As you may or may not have noticed, my latest intro won the PC 64k competition at Evoke 2009. Unlike my previous demos and intros, it actually featured a few effects that go beyond fixed-function rendering or per-pixel lighting. For all who are interested in how it works, I’ve written this small article that explains how each of the eight effects in the intro is done, as well as some general insight into the creation process of the intro.

Design

First and foremost: There is no such thing as design in this intro. It is a simple effects show, and it was meant to be one from the start. Also, there’s no real »flow« (whatever that word may mean to you) in the intro. The only thing that connects the scenes is some half-hearted attempts at transitions or camera moves so that one scene starts with a solid color that is left behind from the previous scene.

The name »Applied Mediocrity« is a slight hint at how Kakiarts’ (moderate) success comes from: Even if every demo or intro we ever did is only mediocre from a technical point of view, we still appear to have some weird kind of charm that makes all the difference – hence applied mediocrity.

Technology

The intro is Win32-only, mainly because the only external library it relies on, farbrausch’s V2 synthesizer system is Win32-only.
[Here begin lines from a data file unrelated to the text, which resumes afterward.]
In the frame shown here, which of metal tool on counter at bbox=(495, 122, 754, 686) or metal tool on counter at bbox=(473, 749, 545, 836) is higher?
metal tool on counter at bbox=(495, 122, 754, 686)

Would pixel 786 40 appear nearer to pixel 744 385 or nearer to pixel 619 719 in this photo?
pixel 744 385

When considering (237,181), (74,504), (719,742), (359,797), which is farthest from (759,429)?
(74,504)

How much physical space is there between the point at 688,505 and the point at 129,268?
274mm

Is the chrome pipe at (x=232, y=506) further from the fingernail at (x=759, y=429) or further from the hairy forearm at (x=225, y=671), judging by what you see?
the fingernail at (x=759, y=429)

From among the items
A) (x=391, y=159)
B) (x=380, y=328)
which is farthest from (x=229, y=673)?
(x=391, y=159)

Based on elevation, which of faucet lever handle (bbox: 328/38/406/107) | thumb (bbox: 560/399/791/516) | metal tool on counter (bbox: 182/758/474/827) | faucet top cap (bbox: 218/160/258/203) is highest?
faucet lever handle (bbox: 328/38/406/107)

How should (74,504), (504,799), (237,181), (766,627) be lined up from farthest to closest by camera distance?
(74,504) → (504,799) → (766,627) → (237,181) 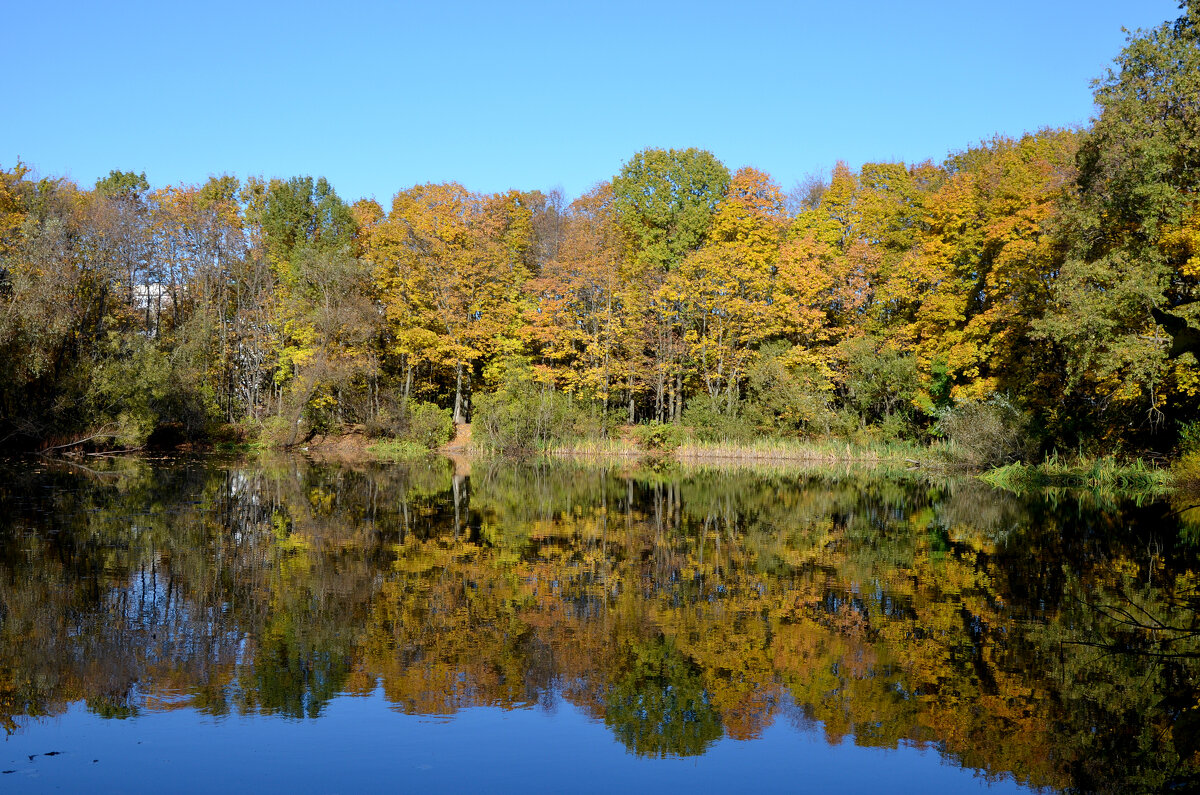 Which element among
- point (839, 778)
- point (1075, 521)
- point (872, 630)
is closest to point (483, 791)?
point (839, 778)

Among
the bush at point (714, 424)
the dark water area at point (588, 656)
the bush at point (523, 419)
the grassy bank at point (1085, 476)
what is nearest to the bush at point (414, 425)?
the bush at point (523, 419)

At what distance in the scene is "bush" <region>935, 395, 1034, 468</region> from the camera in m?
30.8

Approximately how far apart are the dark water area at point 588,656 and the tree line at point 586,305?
53.9ft

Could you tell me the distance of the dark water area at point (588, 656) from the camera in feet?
21.4

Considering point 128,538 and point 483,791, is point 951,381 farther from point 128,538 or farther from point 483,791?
point 483,791

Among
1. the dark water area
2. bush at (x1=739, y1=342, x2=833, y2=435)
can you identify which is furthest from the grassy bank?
bush at (x1=739, y1=342, x2=833, y2=435)

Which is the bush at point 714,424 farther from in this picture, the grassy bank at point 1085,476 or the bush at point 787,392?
the grassy bank at point 1085,476

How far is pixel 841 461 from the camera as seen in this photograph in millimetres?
38094

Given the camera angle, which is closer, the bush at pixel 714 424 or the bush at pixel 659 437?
the bush at pixel 714 424

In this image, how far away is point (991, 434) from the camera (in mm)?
31328

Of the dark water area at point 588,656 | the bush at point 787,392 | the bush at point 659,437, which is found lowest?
the dark water area at point 588,656

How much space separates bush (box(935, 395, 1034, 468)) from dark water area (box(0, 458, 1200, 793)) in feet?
43.2

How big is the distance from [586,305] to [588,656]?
3816 cm

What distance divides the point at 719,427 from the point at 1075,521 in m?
22.0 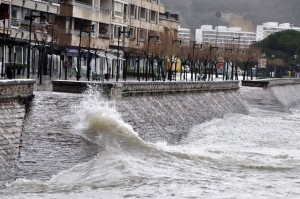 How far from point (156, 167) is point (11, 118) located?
13.1ft

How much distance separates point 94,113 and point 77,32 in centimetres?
4397

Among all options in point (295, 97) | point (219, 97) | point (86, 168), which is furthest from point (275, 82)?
point (86, 168)

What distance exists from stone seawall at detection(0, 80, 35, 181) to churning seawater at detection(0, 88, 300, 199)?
735mm

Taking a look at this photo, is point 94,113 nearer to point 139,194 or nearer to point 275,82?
point 139,194

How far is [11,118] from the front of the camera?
1964 centimetres

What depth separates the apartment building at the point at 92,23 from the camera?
192ft

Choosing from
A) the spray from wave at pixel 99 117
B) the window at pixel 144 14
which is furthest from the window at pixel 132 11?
the spray from wave at pixel 99 117

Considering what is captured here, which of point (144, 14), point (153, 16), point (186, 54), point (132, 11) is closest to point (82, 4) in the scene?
point (132, 11)

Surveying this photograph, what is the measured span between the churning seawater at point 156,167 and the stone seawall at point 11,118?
2.41 ft

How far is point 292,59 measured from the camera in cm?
13625

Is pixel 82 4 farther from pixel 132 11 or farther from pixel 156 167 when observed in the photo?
pixel 156 167

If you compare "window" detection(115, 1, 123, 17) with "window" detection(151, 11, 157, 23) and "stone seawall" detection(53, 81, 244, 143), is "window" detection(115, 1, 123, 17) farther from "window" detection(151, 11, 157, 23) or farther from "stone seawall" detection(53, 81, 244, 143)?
"stone seawall" detection(53, 81, 244, 143)

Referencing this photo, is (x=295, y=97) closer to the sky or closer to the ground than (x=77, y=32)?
closer to the ground

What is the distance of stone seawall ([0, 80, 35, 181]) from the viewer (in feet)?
57.2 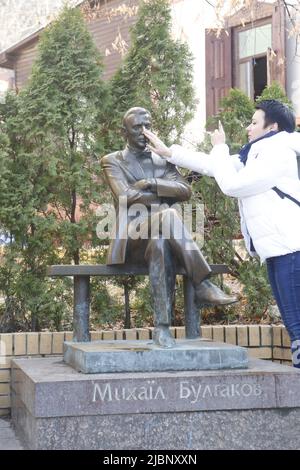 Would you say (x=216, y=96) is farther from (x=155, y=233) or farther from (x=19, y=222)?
(x=155, y=233)

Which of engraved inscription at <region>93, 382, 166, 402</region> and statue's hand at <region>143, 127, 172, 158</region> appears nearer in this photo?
engraved inscription at <region>93, 382, 166, 402</region>

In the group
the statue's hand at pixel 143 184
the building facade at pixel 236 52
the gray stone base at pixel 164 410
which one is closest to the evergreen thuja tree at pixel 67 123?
the statue's hand at pixel 143 184

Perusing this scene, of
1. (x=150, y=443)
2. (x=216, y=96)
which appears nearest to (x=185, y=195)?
(x=150, y=443)

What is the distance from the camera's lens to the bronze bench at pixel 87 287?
464cm

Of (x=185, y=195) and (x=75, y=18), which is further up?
(x=75, y=18)

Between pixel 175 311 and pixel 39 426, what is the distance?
284cm

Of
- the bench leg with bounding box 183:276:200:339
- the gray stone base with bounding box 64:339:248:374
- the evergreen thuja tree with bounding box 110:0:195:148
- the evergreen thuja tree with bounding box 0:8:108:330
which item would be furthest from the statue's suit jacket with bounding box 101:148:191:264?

If there was a Linux port of this synthesizer (or any other halfway decent synthesizer), I could have compiled the intro for Linux easily: There are no Win32isms in the code and there should be no MSVCisms eithers, a port from Win32 to SDL already exists because the engine used in this intro is basically the same as in »8-Bit Wonderland«, even the setup dialog has already been ported from Win32 to Gtk+, and the graphics are OpenGL anyway.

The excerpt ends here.